WORK TASK: All of the data is to be printed exactly, though the images must be left off.

==== DATA EXCERPT

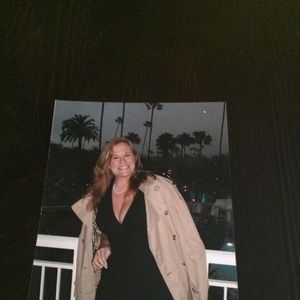 Meet your Posher, Samantha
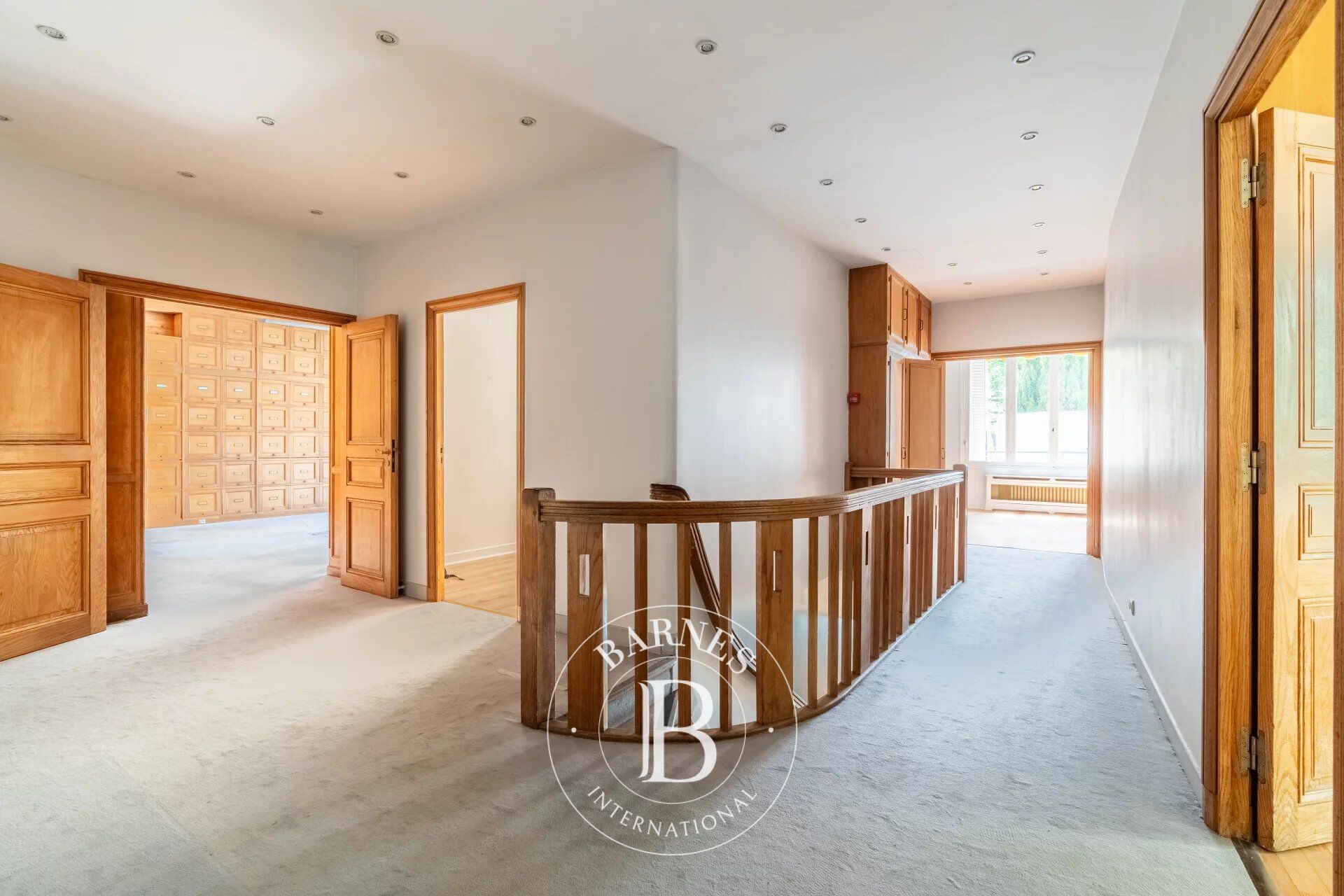 Paris 16ème - Duplex avec grand sous-sol - Atypique - picture 2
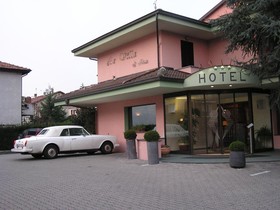 La Villa, Sure Hotel Collection by Best Western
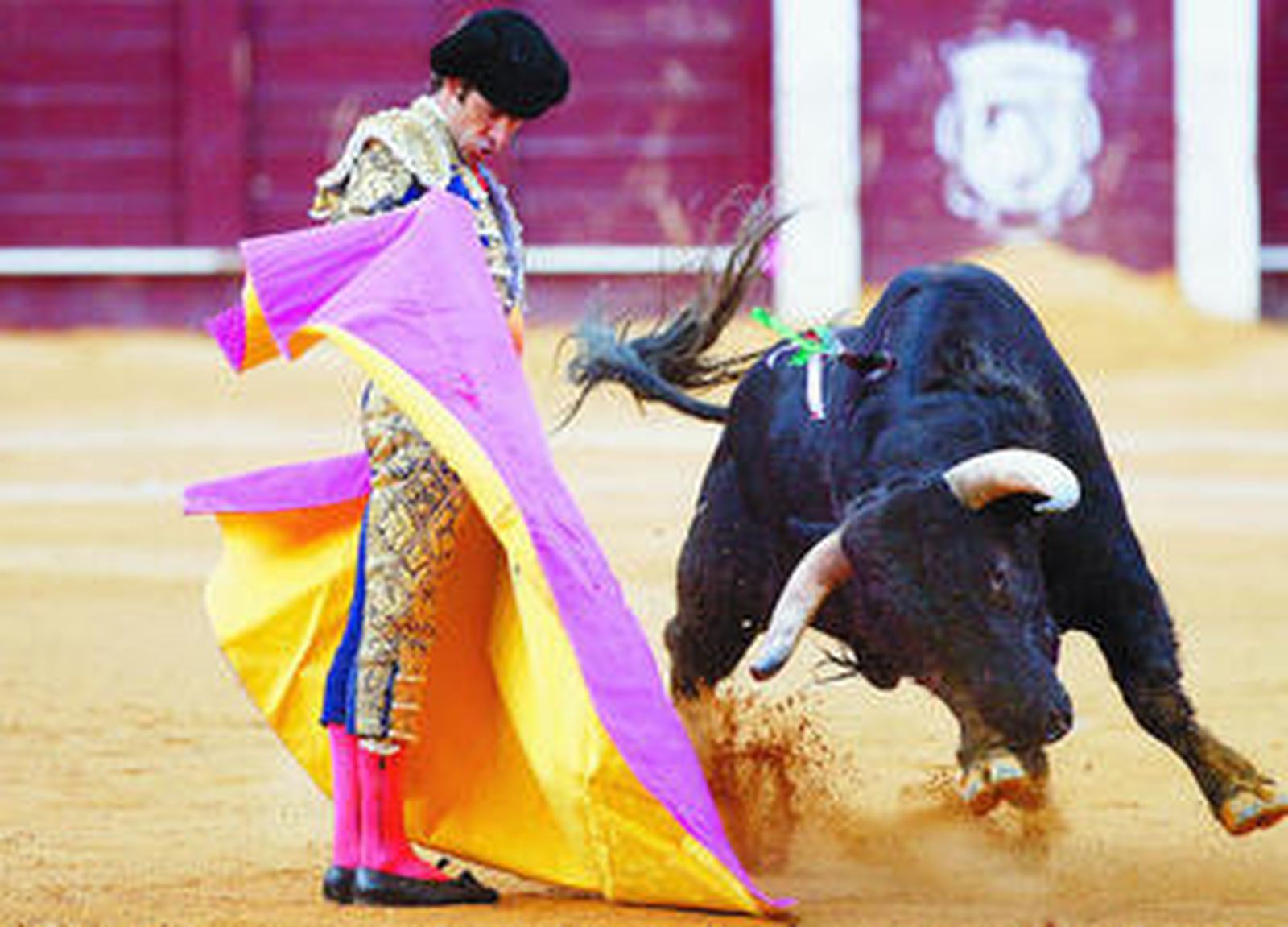 José Tomás, en un lance a pies juntos a su segundo toro, al que cortó las dos orejas.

========

TASK RESULT:
 Meet your Posher, Samantha
 Paris 16ème - Duplex avec grand sous-sol - Atypique - picture 2
 La Villa, Sure Hotel Collection by Best Western
 José Tomás, en un lance a pies juntos a su segundo toro, al que cortó las dos orejas.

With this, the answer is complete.